なお、レーザダイオード1が波長可変レーザであれば出射するレーザ光の波長を変化させたりして以下(1−1)〜(1−12)、(2−1)〜(2−6)の動作をあらかじめ定められたスケジュールやタイミングなどにしたがって断続的に行い、反射光・参照光を測定し続けるものでもよい。
(1−2)
レーザダイオード1からのレーザ光はレンズ2により平行光とされてプリズム3に入射する。
【0041】
ここで、プリズム3に入射した平行光は、プリズム3を透過して生体に照射される光とプリズム3により反射などにより光路変換・変更されて参照光測定部4へ出射される一部の光とに分けられる。

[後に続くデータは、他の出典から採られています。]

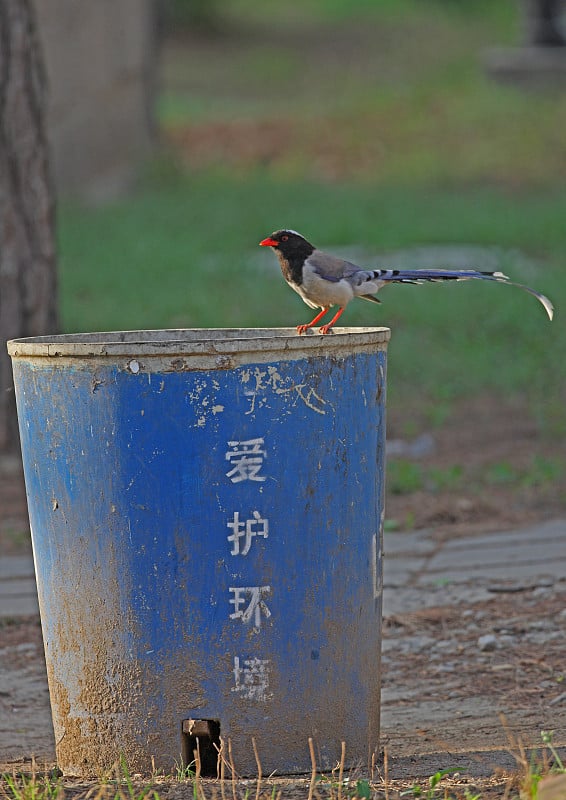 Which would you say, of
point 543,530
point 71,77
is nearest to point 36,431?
point 543,530

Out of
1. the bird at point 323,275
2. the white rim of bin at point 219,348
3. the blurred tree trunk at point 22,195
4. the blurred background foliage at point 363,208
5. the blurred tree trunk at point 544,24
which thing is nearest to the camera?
the white rim of bin at point 219,348

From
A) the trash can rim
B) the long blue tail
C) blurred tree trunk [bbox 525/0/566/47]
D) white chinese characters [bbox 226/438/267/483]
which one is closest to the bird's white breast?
the long blue tail

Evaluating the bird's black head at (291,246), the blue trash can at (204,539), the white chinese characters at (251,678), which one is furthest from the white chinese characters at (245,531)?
the bird's black head at (291,246)

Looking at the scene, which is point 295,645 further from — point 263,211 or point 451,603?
point 263,211

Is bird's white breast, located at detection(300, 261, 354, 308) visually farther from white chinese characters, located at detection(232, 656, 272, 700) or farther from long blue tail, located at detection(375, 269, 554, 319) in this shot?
white chinese characters, located at detection(232, 656, 272, 700)

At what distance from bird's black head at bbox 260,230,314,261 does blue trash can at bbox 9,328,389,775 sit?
55 centimetres

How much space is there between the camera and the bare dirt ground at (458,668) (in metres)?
3.44

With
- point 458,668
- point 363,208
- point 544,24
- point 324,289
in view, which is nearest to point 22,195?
point 324,289

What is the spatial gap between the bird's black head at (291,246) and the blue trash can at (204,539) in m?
0.55

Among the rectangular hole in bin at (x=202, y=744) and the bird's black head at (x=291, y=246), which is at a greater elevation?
the bird's black head at (x=291, y=246)

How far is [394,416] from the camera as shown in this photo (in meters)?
7.53

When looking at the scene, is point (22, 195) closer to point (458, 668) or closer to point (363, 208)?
point (458, 668)

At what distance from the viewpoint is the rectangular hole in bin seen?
3.17 meters

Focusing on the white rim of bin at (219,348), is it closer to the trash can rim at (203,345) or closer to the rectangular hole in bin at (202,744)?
the trash can rim at (203,345) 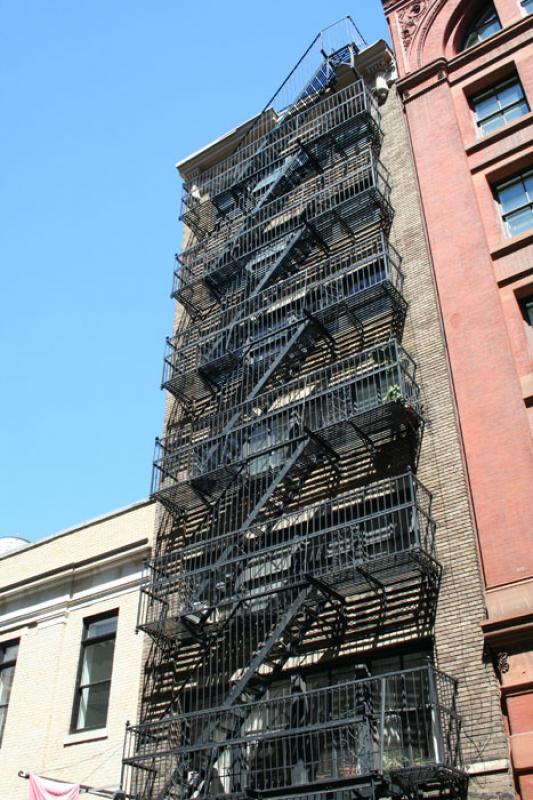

プリズム3を透過した光に関する動作を(1−3)以降に記載すると共に、プリズム3により光路変換・変更されて参照光測定部4へ出射される一部に関する動作を(2−1)に記載する。
【0042】
(1−3)
プリズム3に入射した平行光は、プリズム3を透過して対物レンズ6に入射する。
(1−4)
対物レンズ6は、入射した平行光を集光・集束し生体(生体の内部組織)に照射する。
(1−5)
対物レンズ6は、生体の内部組織により反射された反射光を平行光としてプリズム3に照射する。
なお、反射光は生体の内部組織の吸収を受け、レーザダイオード1から投光された光のうち特定の波長の光が減衰するものである。
【0043】
(1−6)
プリズム3は、入射した反射光を反射し、光路変換させてレンズ51に入射させる。
(1−7)
レンズ51は、プリズム3からの反射光を集光してピンポール52に入射させる。レンズ51は、プリズム3からの反射光をピンホール52の位置で集束してピンホール52を通過させる位置に配置される。
【0044】
(1−8)
ピンホール52に集光された反射光は、ピンホール52を通過して受光素子53に入射する。
(1−9)
受光素子53は、第1のピンホール51を通過した反射光を受光して光量に応じたデータ信号を出力する。
【0045】
(1−10)
AD変換手段54は、受光素子53からの出力信号に基づきAD変換して、分析手段7に受光素子53が受光した反射光の光量に応じたデータ信号を出力する。
(1−11)
分析手段7は、AD変換手段54からの反射光の光強度を示すデータ信号を受信すると反射光のスペクトルを検出する。
(1−12)
分析手段7は、後述の(2−6)で得られる参照光の波長ごとの光量変化に基づいて(1−11)で得られた生体の内部組織の反射光の波長ごとの光量変化を補正して、生体の内部組織の吸収による減衰量を算出し、この吸光度スペクトルに基づき生体の内部組織に含まれる成分を分析する。
【0046】
具体的には、分析手段7にあらかじめ記憶されている吸光度スペクトルと生体の内部組織の各種成分との相関関係を表す関係式(検量線)に、生体の内部組織からの反射光から算出された吸光度を代入することにより、生体の内部組織に係る各種成分を測定・分析する。
【0047】
また、分析手段7は上述の光学系で異なる波長(たとえば、目的物質の吸収波長と吸収の少ない波長)における散乱、反射光を測定し、生体の内部組織のある成分(たとえばグルコース)による吸収に係る相関関係式(検量線)を用いて成分分析(たとえば血糖値測定)を行う。
【0048】
なお、分析手段7と生体との距離が離れている場合、反射光は光ファイバなどの第1の導光手段(図示せず)を介して受光素子53からAD変換手段54に導光されるため、導光手段の材質や長さなどによる影響や、周囲温度変化などの環境による影響を受ける。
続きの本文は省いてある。